TASK OBJECTIVE — Lines before the one containing "cins koynek: Köynək, 2XL — 3" are left out; that line and every line after it, through the end of the records, are to be reproduced exactly.

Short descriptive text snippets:

----------------------------------------

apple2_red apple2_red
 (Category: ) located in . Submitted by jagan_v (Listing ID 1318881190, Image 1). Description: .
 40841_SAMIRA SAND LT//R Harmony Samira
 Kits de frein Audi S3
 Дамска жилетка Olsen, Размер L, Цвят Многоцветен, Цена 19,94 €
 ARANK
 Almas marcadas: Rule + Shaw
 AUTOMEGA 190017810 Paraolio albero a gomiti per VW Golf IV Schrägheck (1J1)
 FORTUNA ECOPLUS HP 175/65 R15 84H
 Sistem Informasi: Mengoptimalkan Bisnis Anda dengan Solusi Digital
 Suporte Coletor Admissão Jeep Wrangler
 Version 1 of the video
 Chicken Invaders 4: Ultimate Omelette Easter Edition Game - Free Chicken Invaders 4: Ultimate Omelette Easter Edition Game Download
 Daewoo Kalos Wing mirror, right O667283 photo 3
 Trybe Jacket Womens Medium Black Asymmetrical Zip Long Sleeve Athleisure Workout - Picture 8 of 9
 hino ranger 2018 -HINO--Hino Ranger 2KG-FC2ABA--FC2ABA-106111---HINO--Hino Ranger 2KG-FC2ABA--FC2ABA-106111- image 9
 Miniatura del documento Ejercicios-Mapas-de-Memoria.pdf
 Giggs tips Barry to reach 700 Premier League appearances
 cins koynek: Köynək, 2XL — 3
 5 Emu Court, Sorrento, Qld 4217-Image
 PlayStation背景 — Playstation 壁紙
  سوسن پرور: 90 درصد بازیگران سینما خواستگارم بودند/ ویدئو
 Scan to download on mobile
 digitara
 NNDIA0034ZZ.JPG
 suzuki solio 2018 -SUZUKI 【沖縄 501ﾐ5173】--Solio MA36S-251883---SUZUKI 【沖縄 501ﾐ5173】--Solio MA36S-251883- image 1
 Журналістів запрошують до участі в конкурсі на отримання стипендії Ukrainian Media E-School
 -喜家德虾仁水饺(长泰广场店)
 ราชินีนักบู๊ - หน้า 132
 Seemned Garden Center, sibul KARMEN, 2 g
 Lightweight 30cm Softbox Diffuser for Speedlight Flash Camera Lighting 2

----------------------------------------

OUTPUT BELOW —
 cins koynek: Köynək, 2XL — 3
 5 Emu Court, Sorrento, Qld 4217-Image
 PlayStation背景 — Playstation 壁紙
  سوسن پرور: 90 درصد بازیگران سینما خواستگارم بودند/ ویدئو
 Scan to download on mobile
 digitara
 NNDIA0034ZZ.JPG
 suzuki solio 2018 -SUZUKI 【沖縄 501ﾐ5173】--Solio MA36S-251883---SUZUKI 【沖縄 501ﾐ5173】--Solio MA36S-251883- image 1
 Журналістів запрошують до участі в конкурсі на отримання стипендії Ukrainian Media E-School
 -喜家德虾仁水饺(长泰广场店)
 ราชินีนักบู๊ - หน้า 132
 Seemned Garden Center, sibul KARMEN, 2 g
 Lightweight 30cm Softbox Diffuser for Speedlight Flash Camera Lighting 2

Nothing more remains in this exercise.